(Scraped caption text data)
----
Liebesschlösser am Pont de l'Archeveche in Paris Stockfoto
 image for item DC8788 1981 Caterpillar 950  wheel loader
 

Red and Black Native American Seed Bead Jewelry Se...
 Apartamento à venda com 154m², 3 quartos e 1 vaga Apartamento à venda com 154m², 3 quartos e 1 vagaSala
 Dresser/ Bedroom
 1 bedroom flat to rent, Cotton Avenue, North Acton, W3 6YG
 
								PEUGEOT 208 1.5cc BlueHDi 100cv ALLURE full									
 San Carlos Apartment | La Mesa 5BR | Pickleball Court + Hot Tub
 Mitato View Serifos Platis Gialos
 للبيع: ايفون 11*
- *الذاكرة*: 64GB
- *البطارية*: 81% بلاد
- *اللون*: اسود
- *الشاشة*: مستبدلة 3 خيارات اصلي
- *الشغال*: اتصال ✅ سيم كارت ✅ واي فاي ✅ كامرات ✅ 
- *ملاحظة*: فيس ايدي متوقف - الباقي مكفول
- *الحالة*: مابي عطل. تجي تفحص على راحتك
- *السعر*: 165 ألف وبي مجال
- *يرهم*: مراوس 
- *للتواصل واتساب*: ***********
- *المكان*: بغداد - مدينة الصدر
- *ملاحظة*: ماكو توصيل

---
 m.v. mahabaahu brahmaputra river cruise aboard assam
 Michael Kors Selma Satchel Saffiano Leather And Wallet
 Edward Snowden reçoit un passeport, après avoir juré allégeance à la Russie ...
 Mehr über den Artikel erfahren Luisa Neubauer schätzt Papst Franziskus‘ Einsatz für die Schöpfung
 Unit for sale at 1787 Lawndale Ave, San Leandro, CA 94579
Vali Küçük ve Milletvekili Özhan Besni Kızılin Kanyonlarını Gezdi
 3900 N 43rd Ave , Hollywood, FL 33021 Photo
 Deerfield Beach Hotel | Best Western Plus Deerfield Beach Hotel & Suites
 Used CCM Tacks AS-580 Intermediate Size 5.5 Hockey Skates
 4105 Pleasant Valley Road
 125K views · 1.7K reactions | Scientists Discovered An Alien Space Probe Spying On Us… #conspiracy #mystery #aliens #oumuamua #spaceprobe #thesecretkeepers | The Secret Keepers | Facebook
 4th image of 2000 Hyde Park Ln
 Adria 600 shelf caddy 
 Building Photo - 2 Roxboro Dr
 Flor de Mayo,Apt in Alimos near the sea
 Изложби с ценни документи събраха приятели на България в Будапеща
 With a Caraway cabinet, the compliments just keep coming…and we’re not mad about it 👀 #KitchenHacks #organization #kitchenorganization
----
Task description
Transcribe the records above from the line holding "PEUGEOT 208 1.5cc" down to the line holding "- *ملاحظة*: فيس ايدي متوقف - الباقي مكفول", inclusive, without adding anything.

Your response
								PEUGEOT 208 1.5cc BlueHDi 100cv ALLURE full									
 San Carlos Apartment | La Mesa 5BR | Pickleball Court + Hot Tub
 Mitato View Serifos Platis Gialos
 للبيع: ايفون 11*
- *الذاكرة*: 64GB
- *البطارية*: 81% بلاد
- *اللون*: اسود
- *الشاشة*: مستبدلة 3 خيارات اصلي
- *الشغال*: اتصال ✅ سيم كارت ✅ واي فاي ✅ كامرات ✅ 
- *ملاحظة*: فيس ايدي متوقف - الباقي مكفول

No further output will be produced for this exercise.